Some Indian studies have reported differences between the genetic factors in Indian and Caucasian women with GDM. The rs11605924 single nucleotide polymorphism of the CRY2 gene conferred a reduction in GDM risk in Indian women while the same increased the risk in Scandinavian women.[9] In this issue, Ranjan et al. found that the rs7903146 (C/T) SNP of the TCF7L2 gene was not associated with either GDM or diabetes in pregnancy.[24] Among the TCF7L2 SNPs associated with GDM, the rs7903146 (C/T) has been documented in multiple Caucasian studies also. According to a meta-analysis, this is the only TCF7L2 SNP which was associated with GDM in Asian women.[25] Whether this indicates that Indian women are genetically distinct from other Asian women in term of GDM risk, is an interesting proposition which merits further study.

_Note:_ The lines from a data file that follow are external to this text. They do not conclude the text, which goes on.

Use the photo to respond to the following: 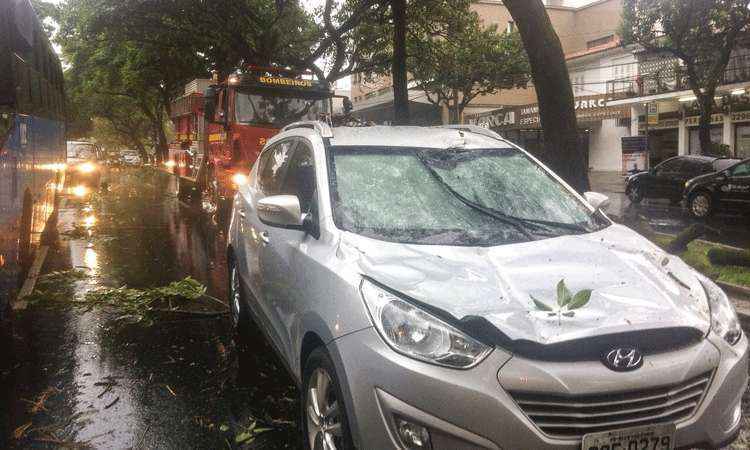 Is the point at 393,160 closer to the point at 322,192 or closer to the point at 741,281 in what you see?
the point at 322,192

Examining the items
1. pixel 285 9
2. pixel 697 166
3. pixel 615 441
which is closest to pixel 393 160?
pixel 615 441

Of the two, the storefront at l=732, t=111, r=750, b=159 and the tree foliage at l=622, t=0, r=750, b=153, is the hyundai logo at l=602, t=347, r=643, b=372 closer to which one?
the tree foliage at l=622, t=0, r=750, b=153

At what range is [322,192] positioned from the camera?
12.3 ft

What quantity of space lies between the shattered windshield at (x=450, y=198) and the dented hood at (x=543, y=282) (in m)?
0.20

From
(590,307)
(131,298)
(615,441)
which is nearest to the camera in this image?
(615,441)

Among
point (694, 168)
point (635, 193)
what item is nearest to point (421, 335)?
point (694, 168)

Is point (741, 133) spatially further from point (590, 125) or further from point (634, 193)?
point (634, 193)

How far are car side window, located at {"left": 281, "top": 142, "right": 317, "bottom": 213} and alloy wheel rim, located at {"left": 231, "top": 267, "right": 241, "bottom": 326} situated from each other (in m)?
1.31

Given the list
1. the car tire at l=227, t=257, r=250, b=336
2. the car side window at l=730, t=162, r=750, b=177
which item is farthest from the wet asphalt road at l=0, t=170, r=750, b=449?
the car side window at l=730, t=162, r=750, b=177

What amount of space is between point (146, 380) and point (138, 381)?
0.18ft

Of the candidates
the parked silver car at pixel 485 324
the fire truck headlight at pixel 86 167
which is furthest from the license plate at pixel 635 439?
the fire truck headlight at pixel 86 167

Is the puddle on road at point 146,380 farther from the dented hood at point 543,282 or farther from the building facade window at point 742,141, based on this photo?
the building facade window at point 742,141

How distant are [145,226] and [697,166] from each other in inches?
594

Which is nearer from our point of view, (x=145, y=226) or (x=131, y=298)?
(x=131, y=298) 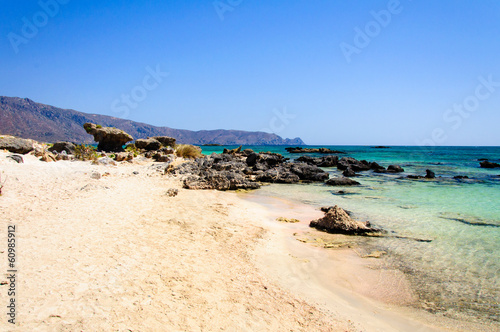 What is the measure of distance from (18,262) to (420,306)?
514 cm

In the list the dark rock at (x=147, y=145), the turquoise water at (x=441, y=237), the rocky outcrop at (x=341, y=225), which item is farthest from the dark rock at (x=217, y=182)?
the dark rock at (x=147, y=145)

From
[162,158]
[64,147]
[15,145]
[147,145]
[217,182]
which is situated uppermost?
[147,145]

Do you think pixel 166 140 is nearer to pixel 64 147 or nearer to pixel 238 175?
pixel 64 147

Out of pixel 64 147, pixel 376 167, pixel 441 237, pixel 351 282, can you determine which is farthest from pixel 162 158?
pixel 351 282

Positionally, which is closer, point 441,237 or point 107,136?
point 441,237

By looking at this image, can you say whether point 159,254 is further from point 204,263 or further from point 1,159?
point 1,159

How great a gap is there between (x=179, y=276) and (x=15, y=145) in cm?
1466

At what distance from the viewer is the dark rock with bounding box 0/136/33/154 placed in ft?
42.6

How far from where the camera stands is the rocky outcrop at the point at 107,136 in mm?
24016

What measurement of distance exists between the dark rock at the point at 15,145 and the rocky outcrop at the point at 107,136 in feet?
32.1

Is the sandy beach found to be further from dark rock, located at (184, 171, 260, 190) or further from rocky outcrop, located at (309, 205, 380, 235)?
dark rock, located at (184, 171, 260, 190)

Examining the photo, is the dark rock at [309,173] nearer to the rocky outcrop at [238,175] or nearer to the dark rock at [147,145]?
the rocky outcrop at [238,175]

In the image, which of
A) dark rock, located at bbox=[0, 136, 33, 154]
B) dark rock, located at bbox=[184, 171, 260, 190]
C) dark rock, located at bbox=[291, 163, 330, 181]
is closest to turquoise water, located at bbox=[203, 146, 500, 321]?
dark rock, located at bbox=[184, 171, 260, 190]

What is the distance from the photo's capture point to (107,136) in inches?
953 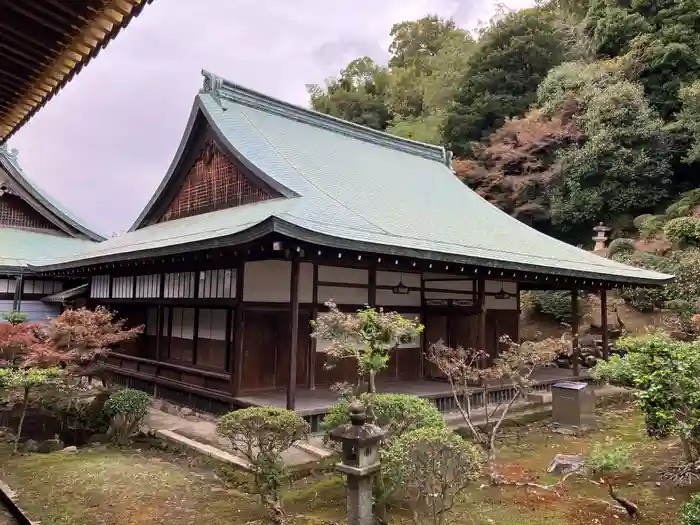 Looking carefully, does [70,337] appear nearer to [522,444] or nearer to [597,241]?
[522,444]

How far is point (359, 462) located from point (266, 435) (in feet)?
3.41

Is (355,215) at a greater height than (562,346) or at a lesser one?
greater

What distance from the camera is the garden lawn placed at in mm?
5168

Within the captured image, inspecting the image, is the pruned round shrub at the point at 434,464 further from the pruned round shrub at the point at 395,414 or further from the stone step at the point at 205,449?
the stone step at the point at 205,449

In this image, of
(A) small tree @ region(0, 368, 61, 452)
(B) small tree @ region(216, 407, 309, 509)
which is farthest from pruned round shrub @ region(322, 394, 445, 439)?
(A) small tree @ region(0, 368, 61, 452)

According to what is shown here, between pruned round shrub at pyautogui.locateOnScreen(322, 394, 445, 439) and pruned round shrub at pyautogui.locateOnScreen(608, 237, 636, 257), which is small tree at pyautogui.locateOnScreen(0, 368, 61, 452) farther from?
pruned round shrub at pyautogui.locateOnScreen(608, 237, 636, 257)

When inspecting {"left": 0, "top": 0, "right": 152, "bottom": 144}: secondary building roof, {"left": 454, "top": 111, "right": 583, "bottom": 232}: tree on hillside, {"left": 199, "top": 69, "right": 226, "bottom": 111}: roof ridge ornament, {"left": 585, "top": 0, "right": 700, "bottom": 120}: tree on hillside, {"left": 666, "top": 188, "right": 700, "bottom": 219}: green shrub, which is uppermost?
{"left": 585, "top": 0, "right": 700, "bottom": 120}: tree on hillside

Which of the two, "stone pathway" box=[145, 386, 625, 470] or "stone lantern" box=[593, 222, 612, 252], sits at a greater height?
"stone lantern" box=[593, 222, 612, 252]

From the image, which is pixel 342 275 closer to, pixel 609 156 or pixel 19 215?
pixel 19 215

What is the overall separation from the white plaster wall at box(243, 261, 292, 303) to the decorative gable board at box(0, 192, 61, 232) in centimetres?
1463

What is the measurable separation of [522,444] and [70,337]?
795cm

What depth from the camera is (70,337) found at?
9.31 m

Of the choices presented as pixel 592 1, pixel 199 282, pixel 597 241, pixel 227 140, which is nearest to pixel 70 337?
pixel 199 282

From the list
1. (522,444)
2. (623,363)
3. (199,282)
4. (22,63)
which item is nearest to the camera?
(22,63)
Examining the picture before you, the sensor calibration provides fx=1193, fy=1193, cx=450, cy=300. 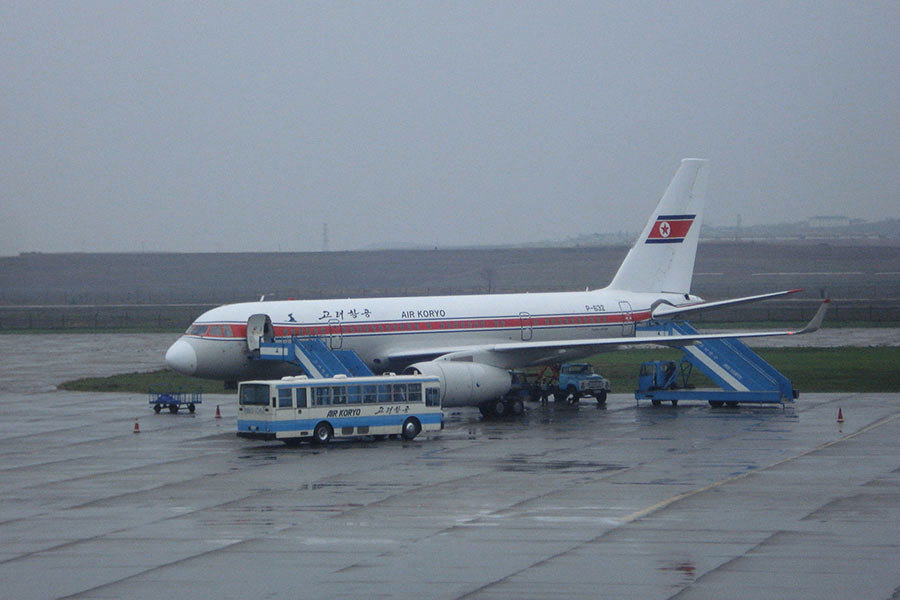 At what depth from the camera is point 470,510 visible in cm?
2595

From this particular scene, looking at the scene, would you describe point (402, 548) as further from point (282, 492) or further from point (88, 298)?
point (88, 298)

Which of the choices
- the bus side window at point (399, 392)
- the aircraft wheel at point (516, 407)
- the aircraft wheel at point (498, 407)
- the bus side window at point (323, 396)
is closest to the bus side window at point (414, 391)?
the bus side window at point (399, 392)

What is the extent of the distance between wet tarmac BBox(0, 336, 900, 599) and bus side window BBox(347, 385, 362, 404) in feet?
5.52

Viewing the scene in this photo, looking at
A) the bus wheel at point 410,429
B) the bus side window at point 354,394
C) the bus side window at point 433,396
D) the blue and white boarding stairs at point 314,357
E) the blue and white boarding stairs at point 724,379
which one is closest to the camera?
the bus side window at point 354,394

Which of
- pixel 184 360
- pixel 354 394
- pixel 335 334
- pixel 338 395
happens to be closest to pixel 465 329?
pixel 335 334

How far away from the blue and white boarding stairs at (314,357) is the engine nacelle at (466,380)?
7.82 ft

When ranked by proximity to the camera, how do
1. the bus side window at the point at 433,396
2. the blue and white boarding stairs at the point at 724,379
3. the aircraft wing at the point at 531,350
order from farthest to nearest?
the blue and white boarding stairs at the point at 724,379, the aircraft wing at the point at 531,350, the bus side window at the point at 433,396

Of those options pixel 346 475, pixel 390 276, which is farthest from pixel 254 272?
pixel 346 475

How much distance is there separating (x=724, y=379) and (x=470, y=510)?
25.7m

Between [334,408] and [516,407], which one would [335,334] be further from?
[334,408]

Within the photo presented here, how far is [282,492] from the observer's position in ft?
94.4

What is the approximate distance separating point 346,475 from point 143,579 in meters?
12.0

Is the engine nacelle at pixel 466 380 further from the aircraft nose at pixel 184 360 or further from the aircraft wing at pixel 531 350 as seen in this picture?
the aircraft nose at pixel 184 360

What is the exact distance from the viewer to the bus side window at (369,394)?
127 feet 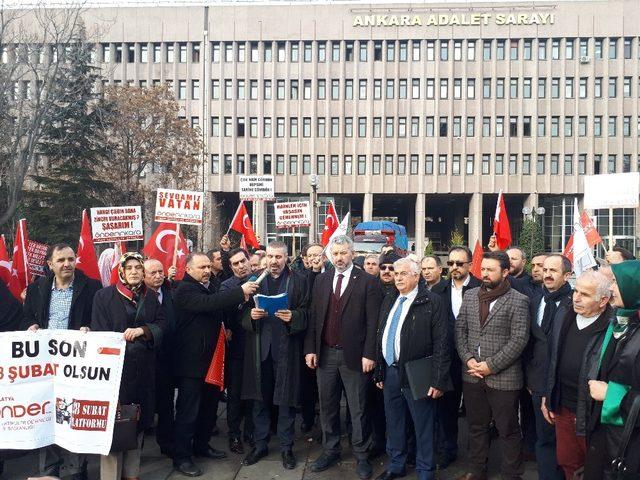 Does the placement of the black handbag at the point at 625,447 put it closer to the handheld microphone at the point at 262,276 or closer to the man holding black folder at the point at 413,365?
the man holding black folder at the point at 413,365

The increasing genetic studies from India bode well for the future of research in GDM. The impact of this disease on the health of the mother as well as the baby dictates that every effort should be made to improve our understanding of this disease. Better understanding of the genetics of this disease may open doors which improve the screening, management and prevention of this unique disease.